Stephen Bumstead

19 October 2001

Stephen Bumstead

Stephen Bumstead farms

148ha (365 acre) from Ouse

Bank Farm, Great Barford,

Beds. He is a first

generation farmer and

council tenant, growing

combinable crops on three

blocks of land. He supports

LEAF and is the FWAG

county treasurer

LATE September gave us absolutely dreadful local weather and we are still trying to tidy up our harvest.

Tackling flat and weedy late-sown spring barley is very frustrating with weather fronts moving through so quickly and frequently.

Trying to find an accurate forecast is a mammoth task in itself. The celebrity television forecasters get it totally wrong more often than not and even internet websites are not consistent.

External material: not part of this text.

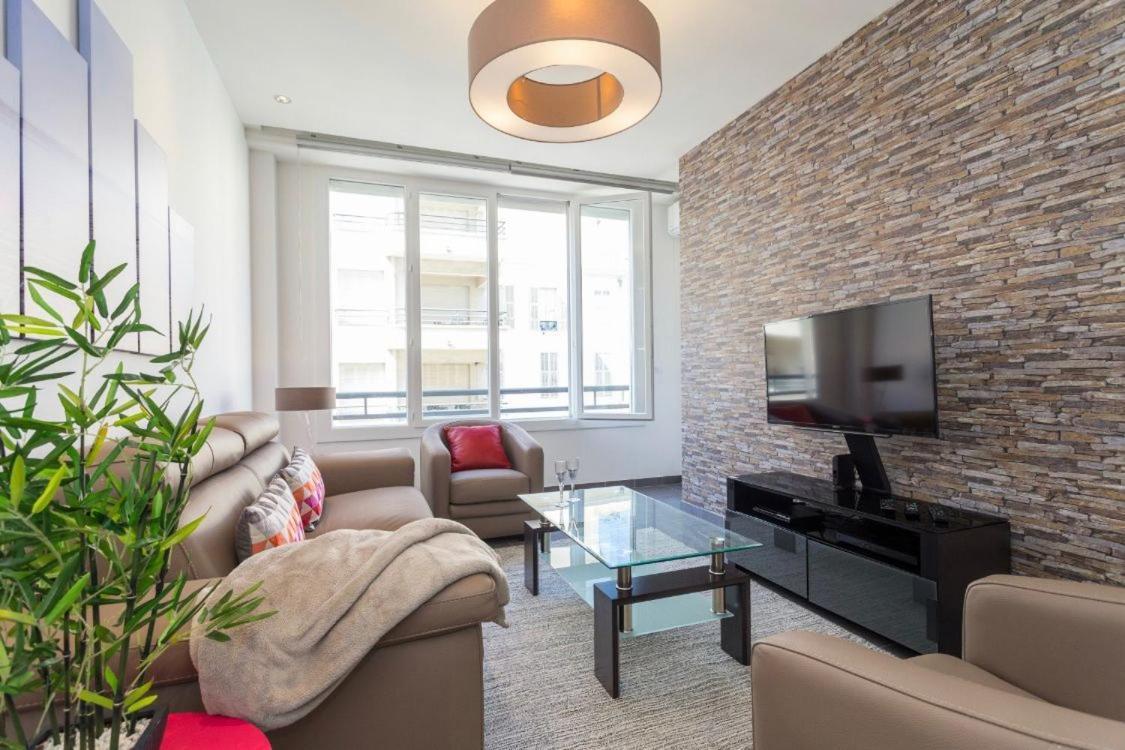 Royal Apartment Near The Beaches Ницца Экстерьер фото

It must be one of those "freak weather patterns" we are experiencing.

Min-till seems to be order of the day in many arable areas but not around here. In this part of Beds ploughing still rules supreme, a slow job that I hate. There are so many adjustments, so many wearing parts and I get so bored – not to mention trying to keep a straight furrow. Like others round here I prefer to follow the earths curvature.

In August I had a Howard Delta stubble cultivator on demonstration which I have now bought. Two passes with its winged tines, levelling discs and cage roller produce a respectable seed-bed for our triple "K" tined combination drill on our soils. The only snag is I now need pre-drilling glyphosate – the weed and volunteer chit is just magnificent. So far wheat establishment by this method, at 200-250 seeds/ sq m, seems good but only time will tell, especially as we have never had to use slug pellets in the past.

Wheats this year are Malacca and Option. Nothing was drilled ultra early because of our latish harvest but I still hope to complete drilling before mid-November – weather permitting of course.

A farmers son who writes in a regional farming magazine has been chastising those who bemoan the strength of sterling, weather and the governments bad attitude towards the farming industry. He is about to dispense pearls of wisdom regarding how to develop our businesses. This I cannot wait to see. As every farm worker knows, the best farmer in the world is the farmers son. &#42

"I hate ploughing," says Stephen Bumstead in Beds. A new cultivator seems to be a solution but the proof will come next harvest, he says.